Gleanings: June 8, 2016

Six in 10 Americans support free universal preschool

By more than a 2-to-1 ratio (59 percent versus 26 percent), Americans favor free universal childcare and pre-K programs for all Americans, according to a recent Gallup poll.

Just $400 away from a financial disaster

47 percent of Americans can’t pay for an unexpected $400 expense through savings or credit cards, without selling something or borrowing money, according to a Federal Reserve report cited by Julie Heath in her Enquirer column, “Region’s economy: The hidden struggle of the middle class.”

Many of these financially vulnerable citizens, Heath reports, are in the middle 20 percent of the income distribution, whose net worth declined 25.8 percent between 1983 and 2013. Credit card debt is now the principal cause of their financial fragility.

Ohio’s online school ECOT is a “dropout factory” that enriches its founder  

Even as the national on-time graduation rate reached an all-time high of 82 percent, the average graduation rate at online schools is just 40 percent, according to a report by America’s Promise Alliance cited in a New York Time’s article, “Online School Enriches Affiliated Companies if Not Its Students.”

NYT reports that few states have as many students in online schools as Ohio, and Electronic Classroom of Tomorrow (ECOT), a publicly funded charter school, is the state’s largest.

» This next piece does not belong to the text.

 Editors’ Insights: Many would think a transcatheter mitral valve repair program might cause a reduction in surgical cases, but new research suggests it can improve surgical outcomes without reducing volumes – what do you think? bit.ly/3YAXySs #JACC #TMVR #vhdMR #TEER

ECOT “has richly rewarded private companies affiliated with its founder, William Lager, a software executive. . . whose companies provide school services, including instructional materials and public relations.”

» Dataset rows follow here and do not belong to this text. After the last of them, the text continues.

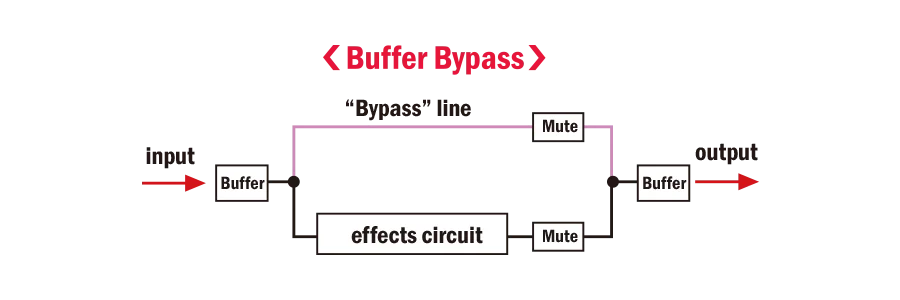 buffer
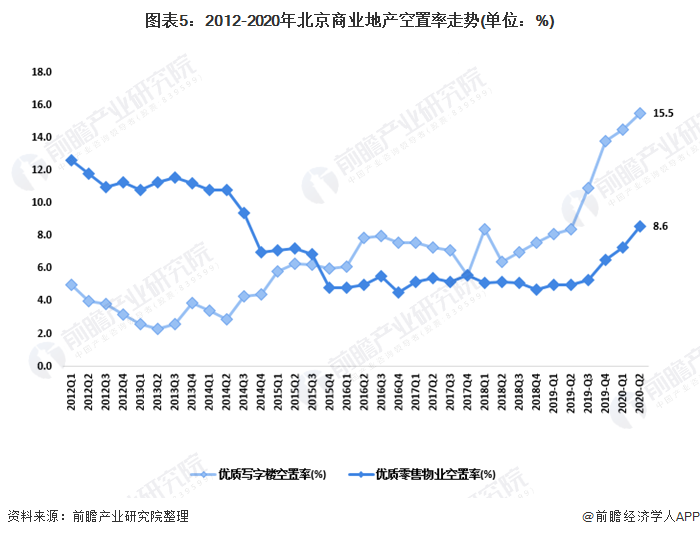 图表5：2012-2020年北京商业地产空置率走势(单位：%)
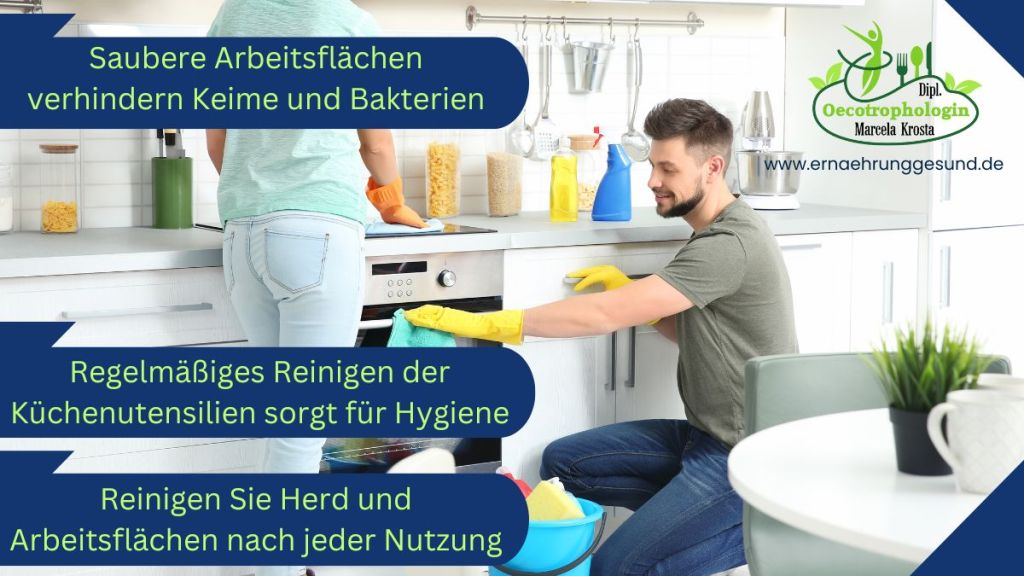 Struktur und Planung fördern nachhaltige Ernährung und Haushaltsführung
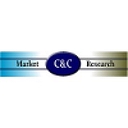 C&C Market Research logo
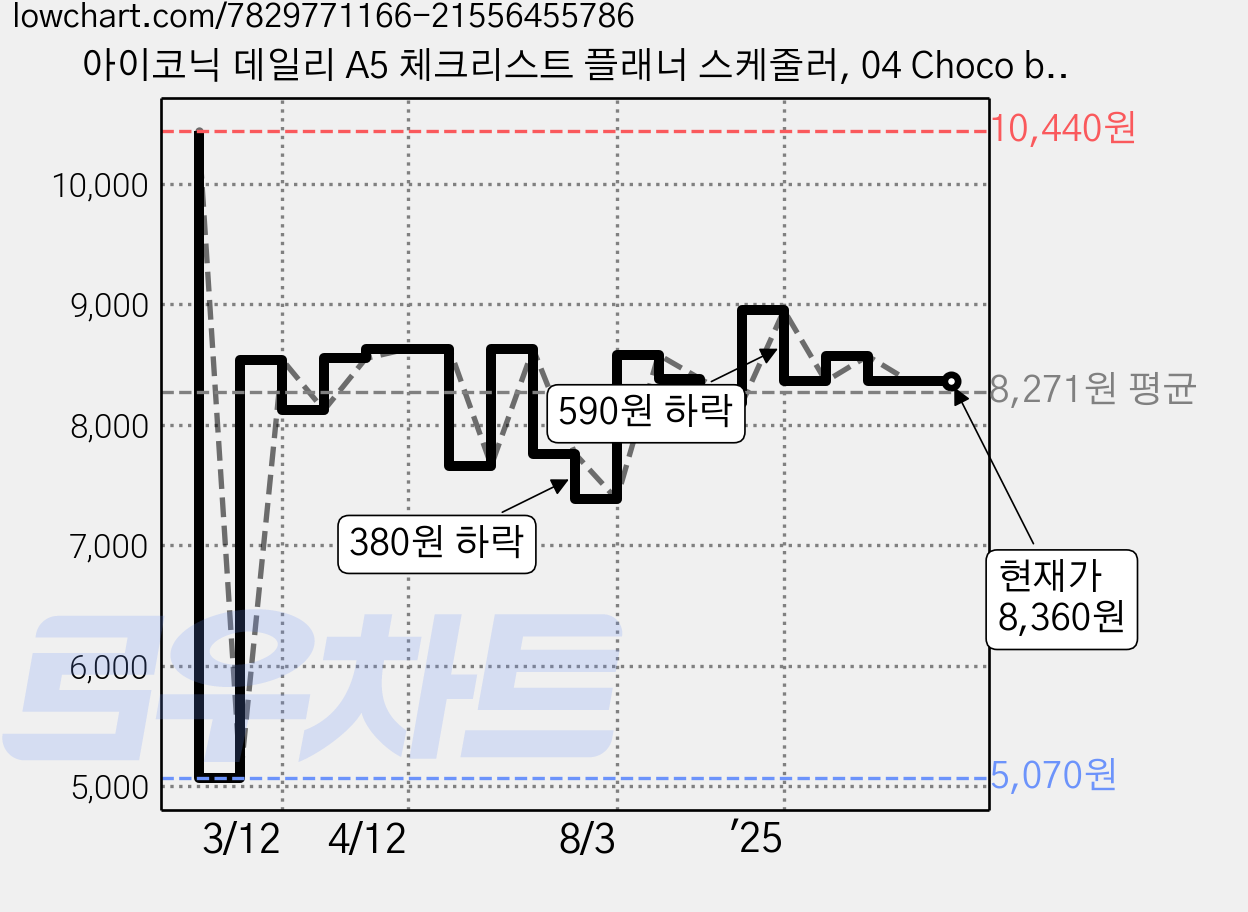 아이코닉 데일리 A5 체크리스트 플래너 스케줄러, 04 Choco brown, 2개 가격 변동 차트, 현재가 8,360원, 관측 최저가 5,070원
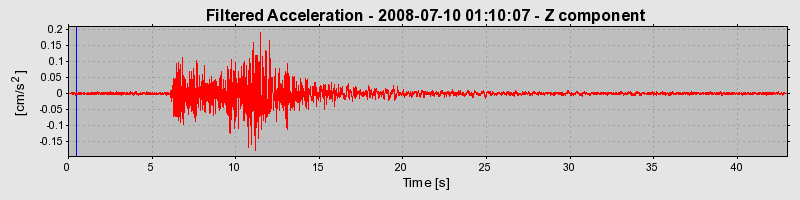 Plot-20160924-18822-1w4acxm-0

The Tulsa Race Massacre of 1921

During the evening of May 31 through the afternoon of June 1, 1921, a white mob, in coalition with the city government, looted and destroyed 1,200 homes on 35 blocks of the black community in Tulsa, Okla. known as Greenwood or “the Black Wall Street.” More than 300 people, mostly blacks, died.

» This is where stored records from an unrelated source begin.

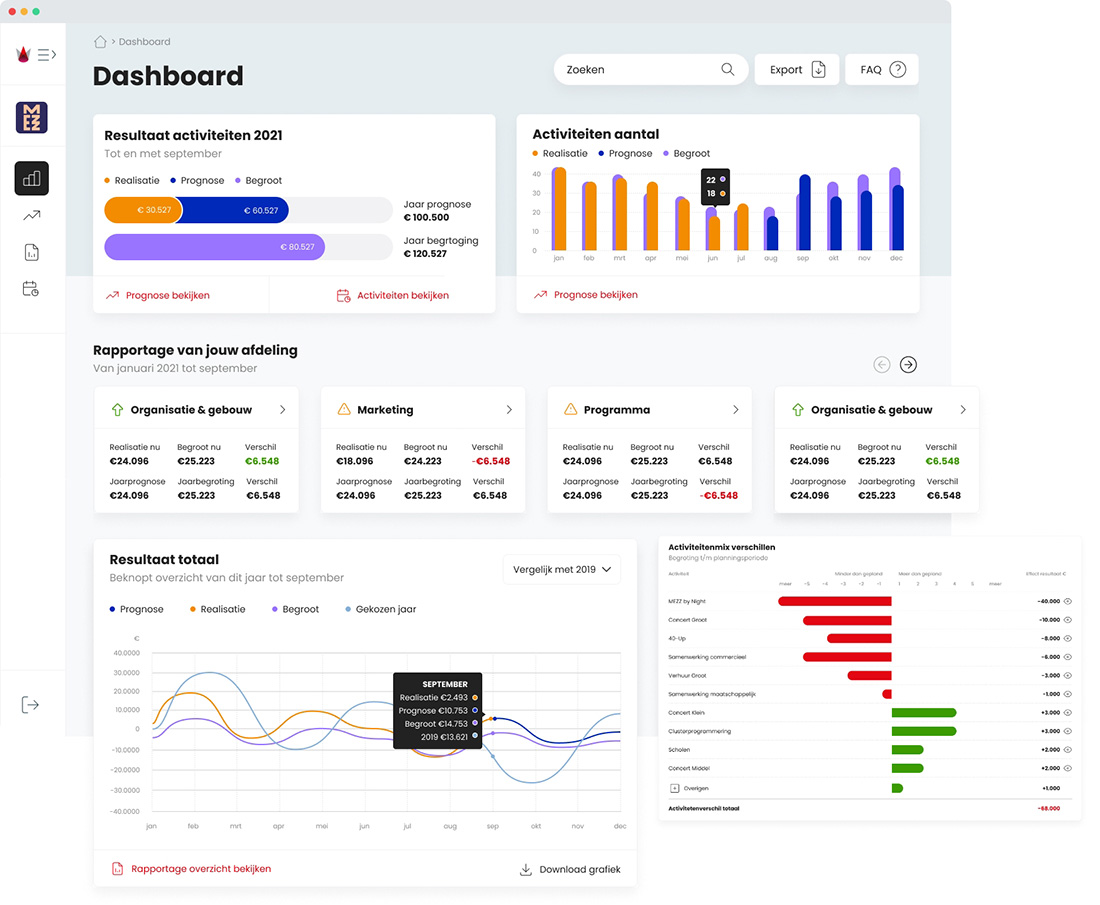 Realtime dashboards en AI-rapportages voor culturele organisaties 6 Showfigures dashboard2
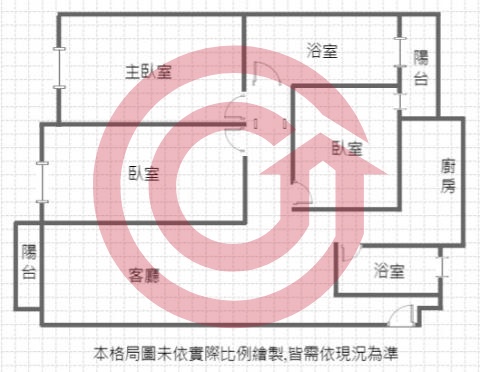 格局圖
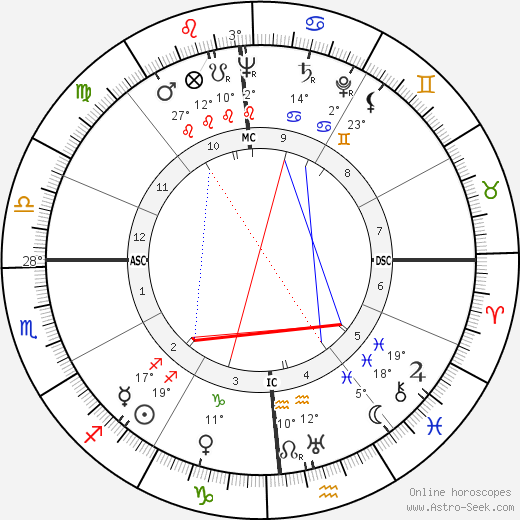 Frank Sinatra birth chart, biography, wikipedia 2023, 2024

The pretext was the alleged rape of a white woman by a black “shoeshine boy” on a public elevator in broad daylight, but the real reason was economics. Many blacks in Tulsa had become wealthy thanks to the discovery of oil in the early 1900s on what had previously been seen as worthless land.  

“The truth of the matter,”  says museum curator Paul Gardullo in the Smithsonian Magazine, “has to do with the threat that black power, black economic power, black cultural power, black success, posed to individuals and . . . the whole system of white supremacy.”

The story is largely unknown, but it was the subject of a 2001 state commission report and will be part of the Smithsonian’s National Museum of African American History and Culture that opens on September 24 on the National Mall.

Franklin County adopts ‘living wage’ ordinance

The Columbus Dispatch reported that Franklin County employees would earn a minimum “living wage” of $13.69 per hour after the county commissioners unanimously approved a resolution to increase pay grades for union and nonunion employees.